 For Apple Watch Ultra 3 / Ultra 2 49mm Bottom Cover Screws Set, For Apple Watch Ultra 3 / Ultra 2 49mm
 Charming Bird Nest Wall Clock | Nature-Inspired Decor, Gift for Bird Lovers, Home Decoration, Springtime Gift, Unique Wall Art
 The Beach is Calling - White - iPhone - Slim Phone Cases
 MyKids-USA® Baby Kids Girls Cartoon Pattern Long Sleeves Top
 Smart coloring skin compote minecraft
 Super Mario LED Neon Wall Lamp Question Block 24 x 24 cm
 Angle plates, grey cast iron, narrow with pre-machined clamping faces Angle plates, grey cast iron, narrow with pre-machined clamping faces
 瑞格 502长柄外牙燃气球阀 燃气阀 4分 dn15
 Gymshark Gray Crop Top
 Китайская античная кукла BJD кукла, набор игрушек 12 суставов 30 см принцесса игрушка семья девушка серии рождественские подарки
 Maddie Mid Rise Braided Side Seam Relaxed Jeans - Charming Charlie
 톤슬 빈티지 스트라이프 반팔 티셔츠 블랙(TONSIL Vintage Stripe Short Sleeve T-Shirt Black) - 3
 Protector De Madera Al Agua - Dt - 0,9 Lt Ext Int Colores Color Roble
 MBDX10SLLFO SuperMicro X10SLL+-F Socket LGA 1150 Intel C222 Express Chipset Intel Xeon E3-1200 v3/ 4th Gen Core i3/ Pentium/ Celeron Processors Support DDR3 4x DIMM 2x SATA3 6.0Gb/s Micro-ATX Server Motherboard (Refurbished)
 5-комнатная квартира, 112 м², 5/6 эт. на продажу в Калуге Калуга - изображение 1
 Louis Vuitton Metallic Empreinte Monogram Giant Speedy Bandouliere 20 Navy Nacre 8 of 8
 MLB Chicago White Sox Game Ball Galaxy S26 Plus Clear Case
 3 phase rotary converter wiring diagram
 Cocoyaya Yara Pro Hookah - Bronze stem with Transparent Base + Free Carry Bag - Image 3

====================

- _ASSIGNED TASK_
The response should be the listing above, limited to the lines between the one holding "Maddie Mid Rise" and the one holding "Protector De Madera", inclusive, reproduced exactly.

- _ANSWER BELOW_
 Maddie Mid Rise Braided Side Seam Relaxed Jeans - Charming Charlie
 톤슬 빈티지 스트라이프 반팔 티셔츠 블랙(TONSIL Vintage Stripe Short Sleeve T-Shirt Black) - 3
 Protector De Madera Al Agua - Dt - 0,9 Lt Ext Int Colores Color Roble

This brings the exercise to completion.